[Collected data entries]

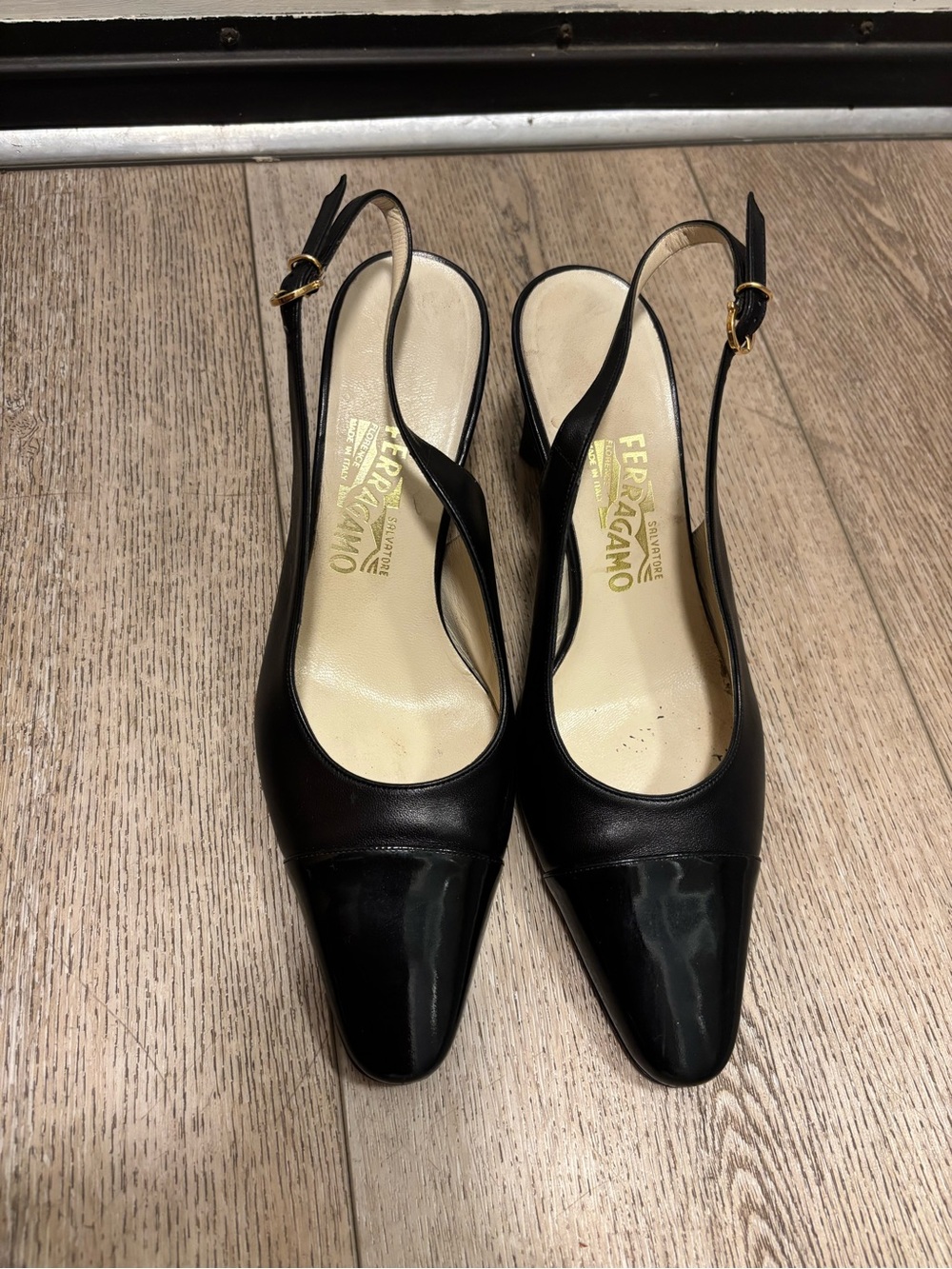 Vintage Salvatore Ferragamo Black Leather Slingback Pumps size 9 c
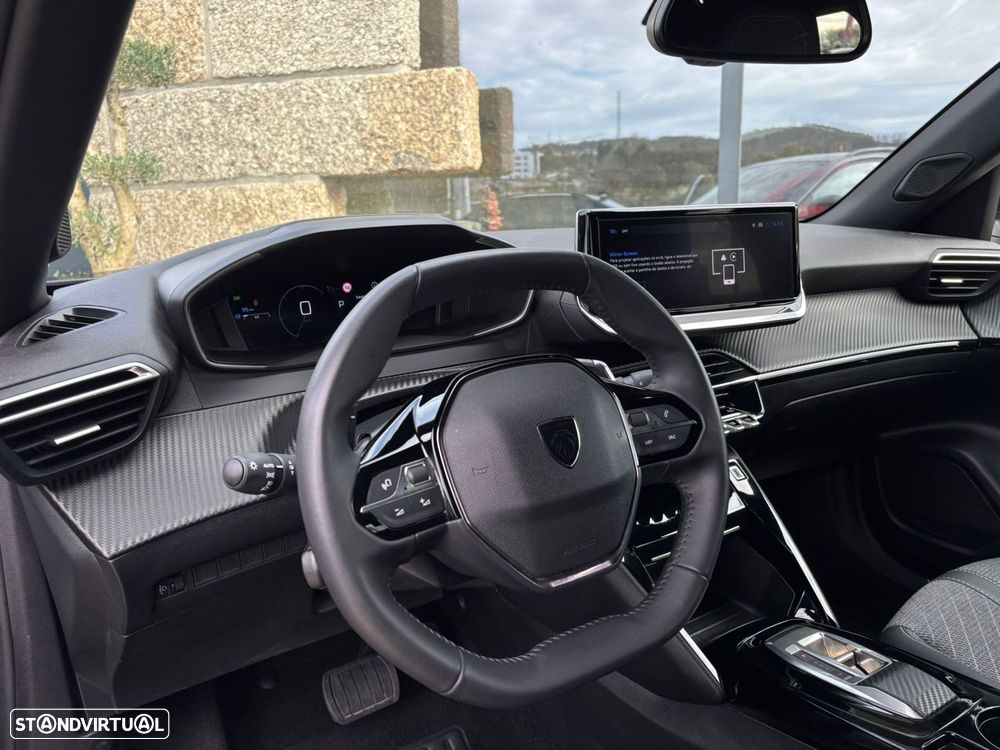 Peugeot 2008 - 6
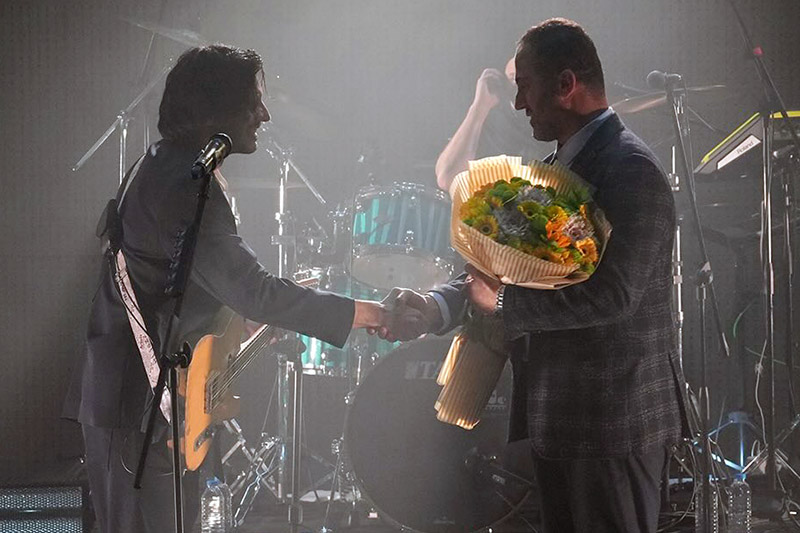 611803442 18551312860059325 2200505128125112698 N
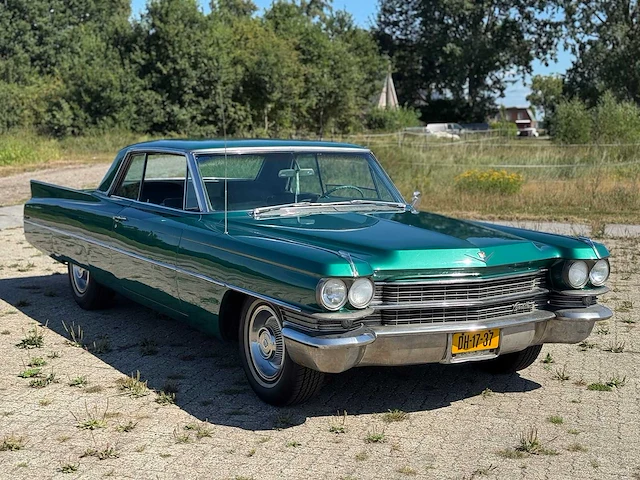 1963 cadillac coup de ville - afbeelding 30 van  32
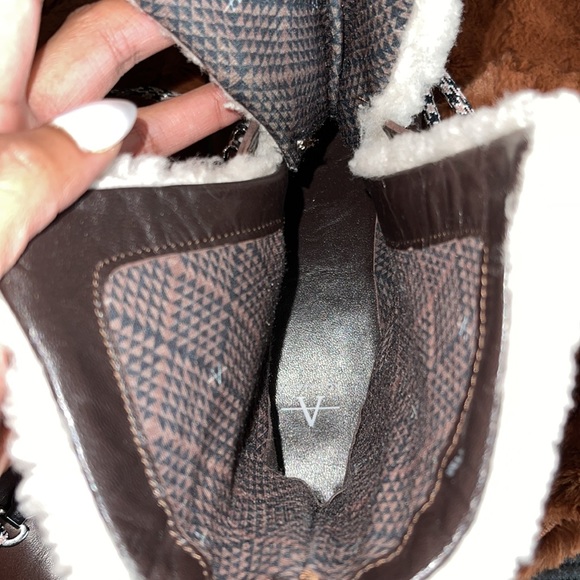 Waterproof Boots - Picture 9 of 14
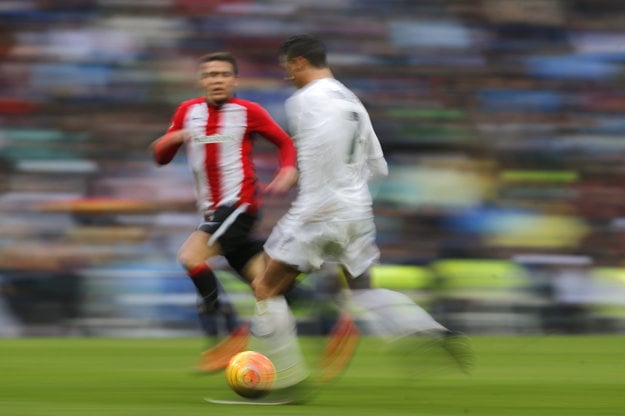 Cristiano Ronaldo (vpravo) si myslí, že už teraz nezmazateľne patrí do dejín.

What you have to do
Each line from the one holding "Peugeot 2008 - 6" down to the end of the records is to be reproduced unaltered, and the pictures are to be omitted.

Answer section
 Peugeot 2008 - 6
 611803442 18551312860059325 2200505128125112698 N
 1963 cadillac coup de ville - afbeelding 30 van  32
 Waterproof Boots - Picture 9 of 14
 Cristiano Ronaldo (vpravo) si myslí, že už teraz nezmazateľne patrí do dejín.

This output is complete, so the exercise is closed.